I am reading Harry Potter and the Half-Blood Prince.
I’m a fan. I’ve read the whole series
and seen each of the movies and I’ve enjoyed
the whole thing. That being said, I’d like to
ask you to go back to whatever you were doing the
moment before you saw me reading the book and decided
it might be fun to strike up a conversation.
If
it’s any comfort, I think I can safely assure
you such a conversation would not have been fun at
all, not for either of us, though you’d have
gotten the shorter end of the stick. I’d have
made damn sure of that.
I
bet you think we have a common interest in ‘The
Wizarding World’. What was your first clue?
Could it be the ten-pound fucking hardcover book I’m
lugging back and forth to work?
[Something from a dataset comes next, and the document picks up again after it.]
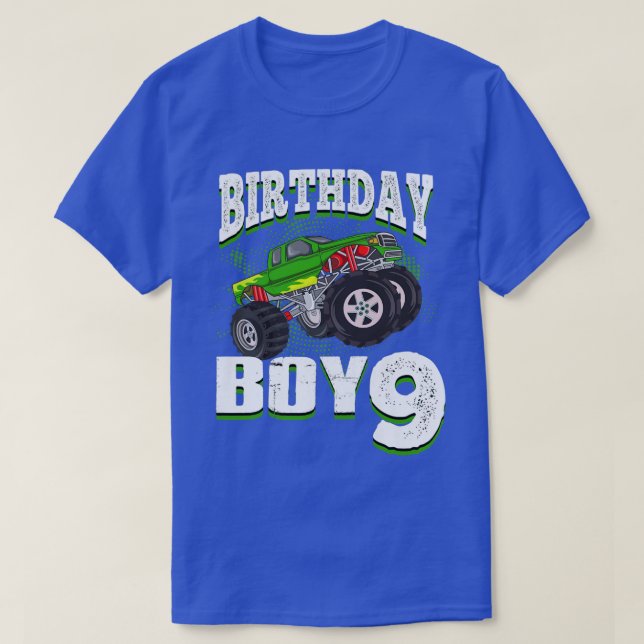 Kids Monster Truck Birthday Boy Is 9 Kids 9th Birt T-Shirt (Design vorne)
Did you guess I might
be disinclined to damage my spine over a book in which
I was only mildly involved?
So
what if I like it? Maybe I’m confused
here, but I thought Harry Potter and the Half-Blood
Prince was a book, not a sandwich board reading
‘I’M SO LONELY I’LL TALK TO ANYBODY’.
I’m
reading, for Christ’s sake!
Maybe to you reading isn’t an activity; maybe
reading is a whole exciting new deal for you and you
don’t know the rules.
Or
maybe you just think I’m probably a kindred
spirit, and the one thing I’d like better than
reading Harry Potter and the Half-Blood Prince
would be discussing it with a fellow enthusiast.
Let
me let you in on something. I am not a kindred spirit.
I’m not a hopeless mouth-breathing virgin betrayed
by life’s harsher realities, or some morbidly
obese closet femme who just never got comfortable
in his Klingon club because they were all too butch.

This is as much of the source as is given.